Każdy klient, który chce pożyczyć pieniądze, jest weryfikowany. Bankowcy muszą bowiem ustalić, czy będzie w stanie w przyszłości spłacać raty. Każda z instytucji sama ustala swoje procedury, prawo bankowe nie precyzuje, w jaki sposób to robić. W związku z tym niejednokrotnie się zdarza, że bank, nazwijmy go X, nie zgadza się udzielić kredytu danej osobie, ale bank Y pożycza jej pieniądze bez problemu, bo w inny sposób ocenia wiarygodność kredytową.

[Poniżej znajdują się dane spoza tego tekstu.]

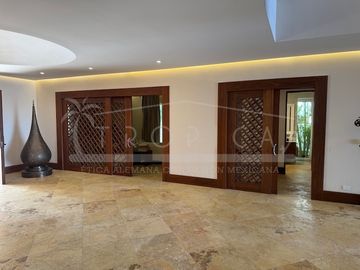¡Casa en la laguna del prestigioso Residencial Isla Dorada!
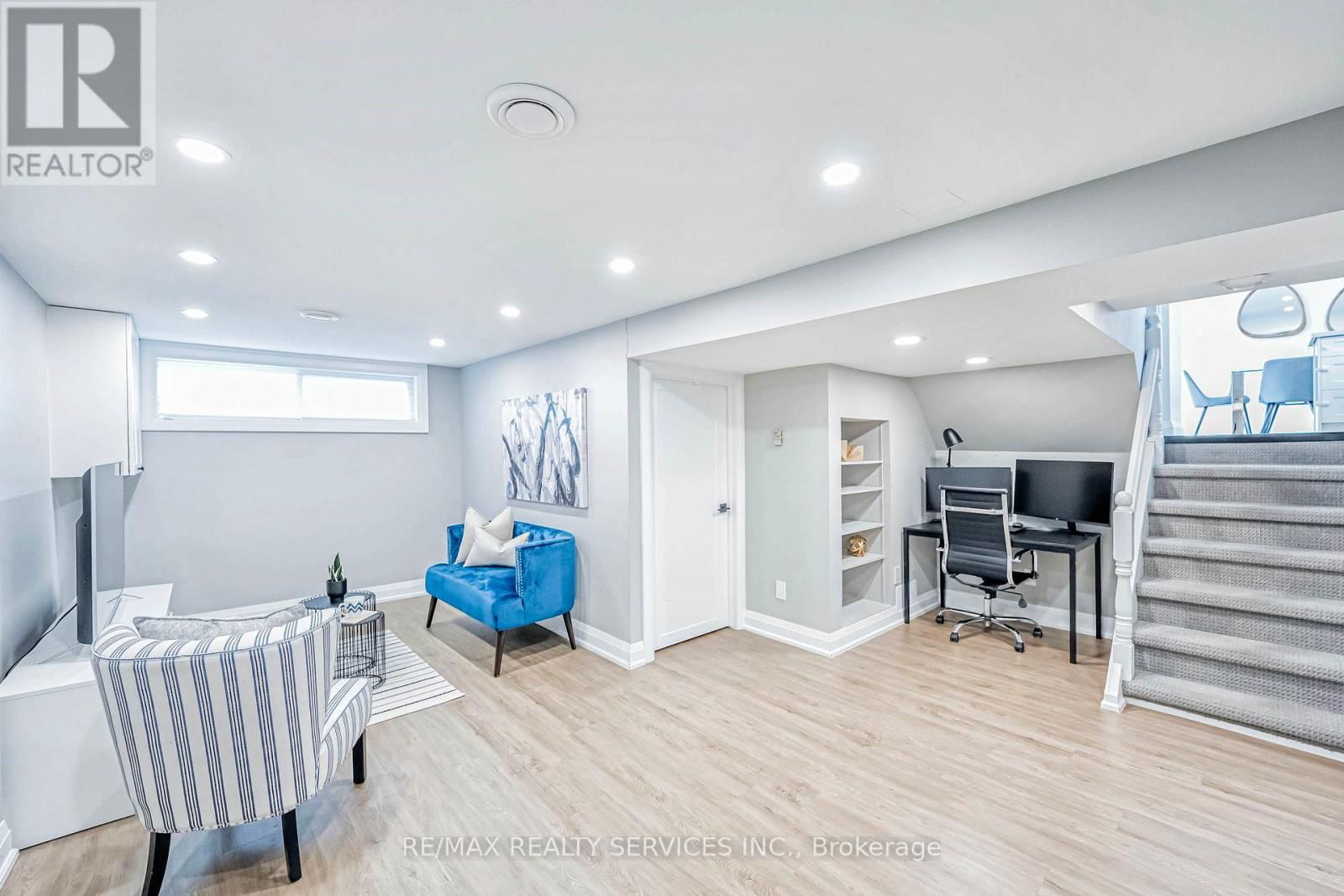 17 SHAMROCK COURT Image 30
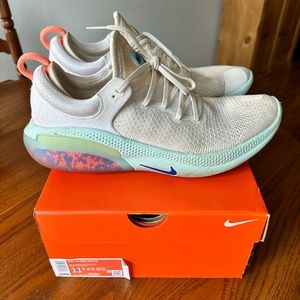Men’s size 11.5 Nike Joyride Run FK athletic shoes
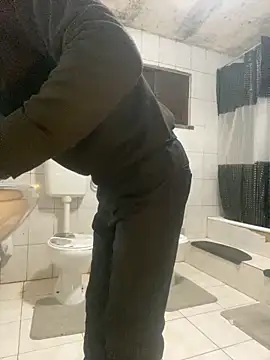 rogerdik76 online show from March 3, 2026, 6:20 am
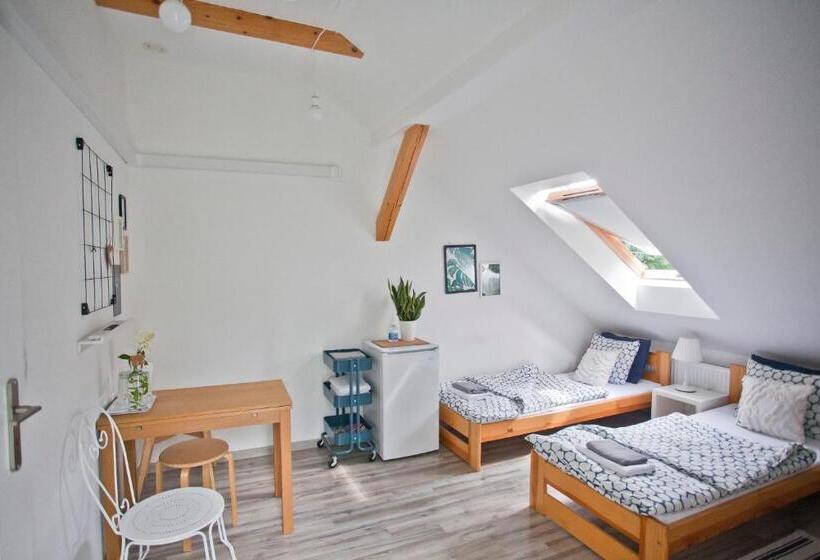 Номер Стандарт Трехместный, Hostel 33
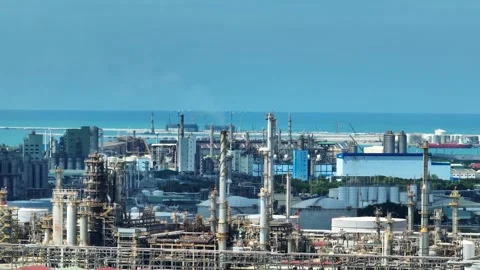 Aerial panorama of coastal energy infrastructure with refineries. Stock Footage 341663018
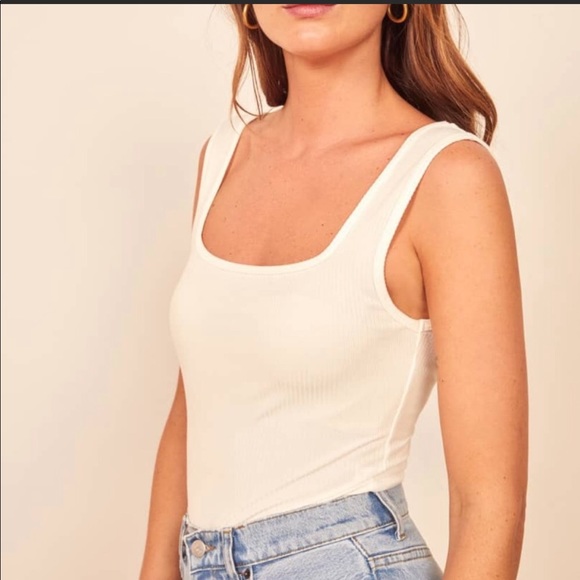 Reformation Tops - NWT Reformation Emily Cropped Tank L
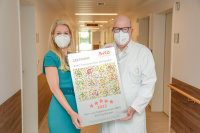 Konstant fünf Sterne: Dr. Karin Overlack, Geschäftsführerin des HDZ NRW, und Klinikdirektor Prof. Dr. Dr. h.c. Diethelm Tschöpe freuen sich über die erneute Auszeichnung, die der Bundesverband Klinischer Diabetes-Einrichtungen (BVKD) an das Diabeteszentrum vergeben hat (Foto Marcel Mompour).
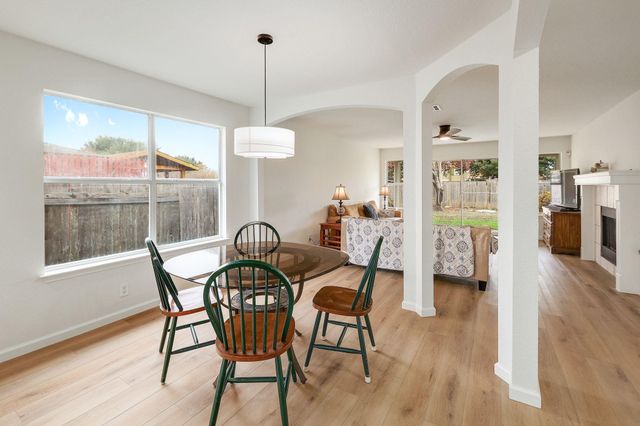 105 Ryan CV, Hutto, TX 78634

– Wiemy, że część banków udziela kredytów na granicy lub nawet poniżej granicy zdolności kredytowej klientów. Szczególnie niebezpieczne jest to w przypadku kredytów hipotecznych – twierdzi Andrzej Stopczyński, szef pionu bankowego w Komisji Nadzoru Finansowego. – Jeśli wyniki ankiety potwierdzą nasze obawy, nie wykluczam przygotowania odpowiedniej rekomendacji.
Banki muszą do końca czerwca odpowiedzieć na 50 pytań dotyczących weryfikacji klientów swoich oraz tych, którzy mają rachunki w innych instytucjach. Pytania dotyczą różnych kredytów.